Skin cells have proteins that hold them to each other. The goal is to form a watertight barrier. We need to keep water in because we are basically bags of water. Different protein issues (largely genetic) can cause different skin diseases.
Our skin also has glands that make protective oils (forming a powerful anti-bacterial barrier and trapping moisture inside) and sweat (because we DO want to be able to get rid of water, but only when WE want to).
So here's the thing about commercial moisturizers: none of them can put moisture back in your skin. That's just not a thing. The very best thing they can do is keep further water from leaving your skin. This is especially important if you have eczema, where you stand a good chance (about 50%) of lacking ceramides, which are critical to forming the natural skin barrier. As water evaporates off the skin, it takes more water with it. We don't understand the other half of eczema. Psoriasis involves dysfunction of the keratinization process, which is why those plaques form.
So the best moisturizers are those that create a moisture barrier without evaporating more water off. Any moisturizer where alcohol is a significant ingredient is worthless. Vaseline, or straight white petrolatum, is the best moisturizer. It feels greasy because it is. Its job is to form a watertight barrier, and greasy chemical are a lot better at that than thinner, waterlike chemicals. Moisturizers with silicones, like Aveeno (dimethicone is the active ingredient--I know, the bottle says oatmeal, it's a liar), will provide a fairly robust barrier without as greasy of a feeling. Lanolin, from sheep's wool, is also a great ingredient for forming a barrier, which is why I like Neutrogena Norwegian Formulation. Natural oils like jojoba (the best of the bunch) can be moisturizing, but just FYI, they're a tiny fraction as effective as white petrolatum.
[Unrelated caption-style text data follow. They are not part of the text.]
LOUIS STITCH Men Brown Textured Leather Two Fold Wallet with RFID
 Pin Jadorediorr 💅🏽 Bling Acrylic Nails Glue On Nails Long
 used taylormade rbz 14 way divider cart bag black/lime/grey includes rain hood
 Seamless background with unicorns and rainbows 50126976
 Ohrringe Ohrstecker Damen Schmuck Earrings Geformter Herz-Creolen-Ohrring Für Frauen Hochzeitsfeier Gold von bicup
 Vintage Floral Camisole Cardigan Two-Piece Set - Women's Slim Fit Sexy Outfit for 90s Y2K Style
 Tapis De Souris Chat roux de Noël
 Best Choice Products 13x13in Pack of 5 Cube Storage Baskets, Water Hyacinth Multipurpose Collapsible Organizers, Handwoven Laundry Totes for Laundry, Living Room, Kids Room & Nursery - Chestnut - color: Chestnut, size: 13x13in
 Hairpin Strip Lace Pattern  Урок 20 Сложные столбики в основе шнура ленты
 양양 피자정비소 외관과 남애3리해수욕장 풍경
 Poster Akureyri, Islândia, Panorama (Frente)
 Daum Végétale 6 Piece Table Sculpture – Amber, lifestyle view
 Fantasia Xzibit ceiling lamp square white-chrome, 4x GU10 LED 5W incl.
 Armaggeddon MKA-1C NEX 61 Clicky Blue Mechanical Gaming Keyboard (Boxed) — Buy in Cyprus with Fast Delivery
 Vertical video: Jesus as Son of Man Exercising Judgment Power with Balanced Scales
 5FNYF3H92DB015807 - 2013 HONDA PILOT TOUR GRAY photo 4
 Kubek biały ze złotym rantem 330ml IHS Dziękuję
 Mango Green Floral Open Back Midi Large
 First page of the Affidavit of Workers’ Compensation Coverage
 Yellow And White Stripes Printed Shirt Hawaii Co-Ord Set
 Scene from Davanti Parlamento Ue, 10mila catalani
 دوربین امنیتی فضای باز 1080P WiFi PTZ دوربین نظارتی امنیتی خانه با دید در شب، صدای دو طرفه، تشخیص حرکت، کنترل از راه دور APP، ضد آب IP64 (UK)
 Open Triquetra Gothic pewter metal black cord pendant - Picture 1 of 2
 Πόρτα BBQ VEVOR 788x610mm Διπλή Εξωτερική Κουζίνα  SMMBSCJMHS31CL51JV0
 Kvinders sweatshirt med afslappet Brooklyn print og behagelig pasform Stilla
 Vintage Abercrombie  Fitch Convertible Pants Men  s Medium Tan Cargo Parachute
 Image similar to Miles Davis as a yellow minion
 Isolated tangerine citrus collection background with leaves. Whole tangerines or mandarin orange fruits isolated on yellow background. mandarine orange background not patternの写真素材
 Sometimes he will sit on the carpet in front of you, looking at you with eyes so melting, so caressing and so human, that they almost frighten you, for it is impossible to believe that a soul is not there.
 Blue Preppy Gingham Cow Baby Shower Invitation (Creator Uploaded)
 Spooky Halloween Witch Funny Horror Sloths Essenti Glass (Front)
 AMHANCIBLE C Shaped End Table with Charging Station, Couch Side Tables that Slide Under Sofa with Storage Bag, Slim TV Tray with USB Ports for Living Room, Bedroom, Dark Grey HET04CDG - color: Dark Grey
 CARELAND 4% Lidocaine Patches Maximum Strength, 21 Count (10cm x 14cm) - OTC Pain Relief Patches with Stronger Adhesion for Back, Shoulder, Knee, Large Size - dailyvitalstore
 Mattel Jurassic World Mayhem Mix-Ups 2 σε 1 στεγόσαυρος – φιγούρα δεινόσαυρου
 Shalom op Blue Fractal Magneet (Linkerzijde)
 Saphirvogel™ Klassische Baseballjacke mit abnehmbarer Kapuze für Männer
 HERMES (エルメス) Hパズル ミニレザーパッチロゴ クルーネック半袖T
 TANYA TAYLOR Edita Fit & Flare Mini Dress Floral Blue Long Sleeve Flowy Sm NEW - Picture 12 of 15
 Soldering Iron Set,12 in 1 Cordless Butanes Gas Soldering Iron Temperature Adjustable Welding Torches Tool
Like, less than 10%. I'm too lazy to get up and find my Cosmeceuticals textbook to remind myself exactly how much. So if you want "all natural," resign yourself to worse.
BUT!!!! Your skin is not all the same! You have scalp skin, face skin, neck skin, trunk skin, arm skin, leg skin, skin around your genitals, skin of the palms, and skin of soles of the feet. And all of those can act different. So I can't say "apply Vaseline everywhere" because that might be too much skin barrier for your face--what if your face has oil glands that work perfectly well? What if we need a lighter, less occlusive moisturizer? That's where my personal hell was for the last ten years as I struggled to find a facial moisturizer I like! What if you have oil glands that are overproductive? You may need a totally different moisturizer than I need! No good way to figure it out except trial and error while paying close attention to ingredient lists.
Sunblock is also a good thing to have but as someone who doesn't wear it because a) I don't go outside and b) it always breaks me out, I feel hypocritical talking extensively about it. I wear "dad hats" (at least a 2" brim all the way around) and long sleeves while gardening. You should definitely still wear sunscreen, though. Do as I say, not as I do.